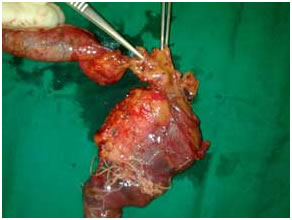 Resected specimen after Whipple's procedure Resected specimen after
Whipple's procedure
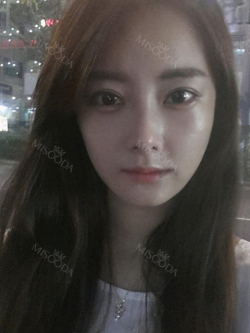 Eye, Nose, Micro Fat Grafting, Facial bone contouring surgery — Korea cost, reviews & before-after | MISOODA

* * *

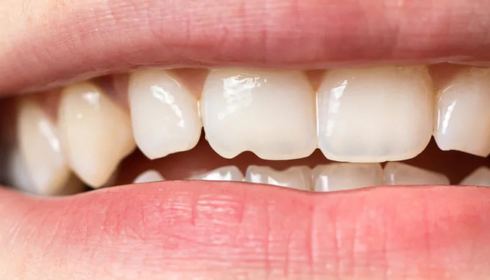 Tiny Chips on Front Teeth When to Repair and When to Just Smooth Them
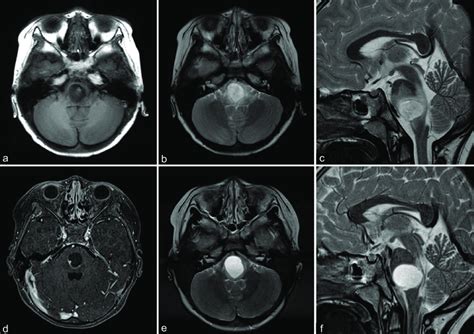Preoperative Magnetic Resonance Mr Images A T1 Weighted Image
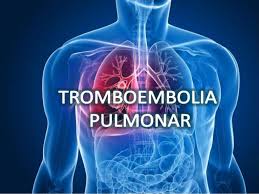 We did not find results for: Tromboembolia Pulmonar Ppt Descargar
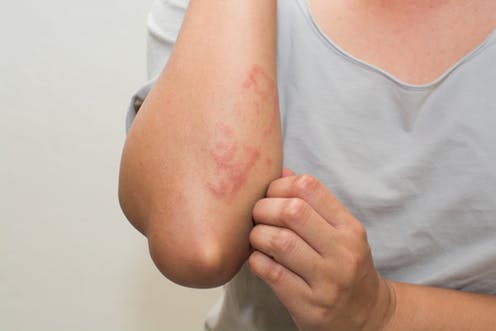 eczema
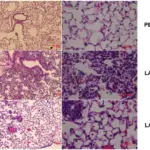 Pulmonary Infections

**Problem to solve**. Return only the part above that opens with the line containing "We did not find" and closes with the line containing "Pulmonary Infections", exactly and with both ends, skipping the pictures.

**Written solution**.
 We did not find results for: Tromboembolia Pulmonar Ppt Descargar
 eczema
 Pulmonary Infections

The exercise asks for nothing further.